Innovation Betterness

Why does your firm exist?

To maximize shareholder value? No – that’s the dumbest idea in the world.

To reduce transaction costs? No – that’s another economic model that doesn’t have much grounding in reality.

In fact, if you ask this of most firms, they don’t have a very good answer. There have been a few compelling contributions to this discussion recently. In the post linked to above, Steven Denning suggests that delighting customers is a much better goal than maximizing shareholder value.

And in his new book Betterness: Economics for Humans,Umair Haque says that firms should exist to make us and the world a better place. That might sound a bit utopian, but think about the opposite of that idea – do you really want to spend your life working for an organisation that makes the world worse?

Betterness

Here is the problem that Haque is trying to address:

Big Question: what does it mean to live meaningfully well? If you accept the less-than-heretical proposition that our way of life, work, and play, while materially rich, might be leaving us emotionally, relationally, socially, physically, and spiritually if not empty, than perhaps just a little bit unhealthy; that it might be optimized for more, bigger, faster, cheaper, nastier over wiser, fitter, smarter, closer, tougher — how would we redesign economies, markets, and organizations to help us live better?

He suggests that we start by redefining what we are trying to achieve with our organisations.

Looking up at Mount Ossa and Cathedral Mountain

To do this, Haque says that “Going from business to betterness means going from vision, mission, strategy, and objectives to ambition, intention, constraints, and imperatives. To give you an idea of what this means, I’ve been using the book to think about what I’m trying to accomplish in my work. So I’ll walk you through what I’ve been thinking, which I hope will give you some ideas about how you and your organisation might change as well.

Ambition

Ambition replaces vision – and it answers the question “why are we here?” More specifically, ambition is meant to outline the kinds of returns you will provide, and to whom you will provide them. It’s based on delivering genuine value to people.

My Ambition: I will help make work better through encouraging innovation that matters – innovation that makes customers’ lives better, and which encourages strong, sustainable and interesting organisations.

Intention

Intention looks at how you will make the people you interact with better. How will you achieve your ambition? Which day-to-day activities will drive this forward?

My Intention: My work will help build innovation skills and strong networks to make firms more fun, resilient, adaptable, and sustainable.
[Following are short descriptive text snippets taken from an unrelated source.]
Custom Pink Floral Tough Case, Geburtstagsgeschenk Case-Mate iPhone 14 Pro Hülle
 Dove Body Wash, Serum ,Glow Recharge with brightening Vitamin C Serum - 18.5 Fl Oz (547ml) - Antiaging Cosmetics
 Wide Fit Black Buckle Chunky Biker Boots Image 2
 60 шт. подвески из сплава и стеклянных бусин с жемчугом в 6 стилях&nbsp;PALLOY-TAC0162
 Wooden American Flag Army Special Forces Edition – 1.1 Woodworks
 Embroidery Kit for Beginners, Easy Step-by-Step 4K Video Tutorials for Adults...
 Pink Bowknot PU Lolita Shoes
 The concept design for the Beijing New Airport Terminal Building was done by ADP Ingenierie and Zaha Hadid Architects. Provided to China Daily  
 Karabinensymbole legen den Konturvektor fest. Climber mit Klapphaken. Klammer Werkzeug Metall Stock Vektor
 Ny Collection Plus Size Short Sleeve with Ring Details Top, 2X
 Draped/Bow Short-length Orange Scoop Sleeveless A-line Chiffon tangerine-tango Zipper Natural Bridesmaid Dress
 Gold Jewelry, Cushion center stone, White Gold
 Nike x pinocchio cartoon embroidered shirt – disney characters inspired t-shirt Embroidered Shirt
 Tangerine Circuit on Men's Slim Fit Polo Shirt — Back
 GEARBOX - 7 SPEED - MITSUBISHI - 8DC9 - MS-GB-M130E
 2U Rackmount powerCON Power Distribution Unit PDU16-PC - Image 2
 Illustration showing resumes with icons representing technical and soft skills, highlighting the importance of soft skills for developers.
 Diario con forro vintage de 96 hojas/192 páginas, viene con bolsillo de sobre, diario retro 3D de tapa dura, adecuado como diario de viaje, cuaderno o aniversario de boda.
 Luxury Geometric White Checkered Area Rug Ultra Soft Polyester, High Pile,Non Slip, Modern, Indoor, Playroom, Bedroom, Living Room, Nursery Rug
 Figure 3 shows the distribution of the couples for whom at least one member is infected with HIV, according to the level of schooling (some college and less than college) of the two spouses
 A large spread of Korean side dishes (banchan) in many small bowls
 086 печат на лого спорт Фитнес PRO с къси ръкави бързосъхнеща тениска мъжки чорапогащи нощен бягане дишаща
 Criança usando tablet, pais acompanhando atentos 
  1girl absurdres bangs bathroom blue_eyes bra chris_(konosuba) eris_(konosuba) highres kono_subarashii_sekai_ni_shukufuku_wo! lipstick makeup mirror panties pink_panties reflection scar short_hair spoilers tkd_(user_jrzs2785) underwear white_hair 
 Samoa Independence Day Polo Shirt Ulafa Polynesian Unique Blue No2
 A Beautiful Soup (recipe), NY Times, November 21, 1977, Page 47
I’ll do by doing research that contributes to developing a genuine understanding of how organisations create value; and by communicating the results of this work in a way that will have an actual impact on the way people work – through teaching, through books and articles, through this blog, through speaking and through working directly with organisations.

Constraints

This is the trickiest one to get my head around. Constraints are the things that must not be done. Instead of trying to carve out a competitive advantage through executing a strategy, the betterness approach looks to build value by enabling customers. Constraints are about avoiding things that do damage.

My constraints: I will not: encourage innovation just for the sake of novelty; try to elevate my ideas by taking shots at others; get caught up in publishing for the sake of publishing instead of communicating to effect change.

Imperatives

Imperatives are simply the things that must be done daily.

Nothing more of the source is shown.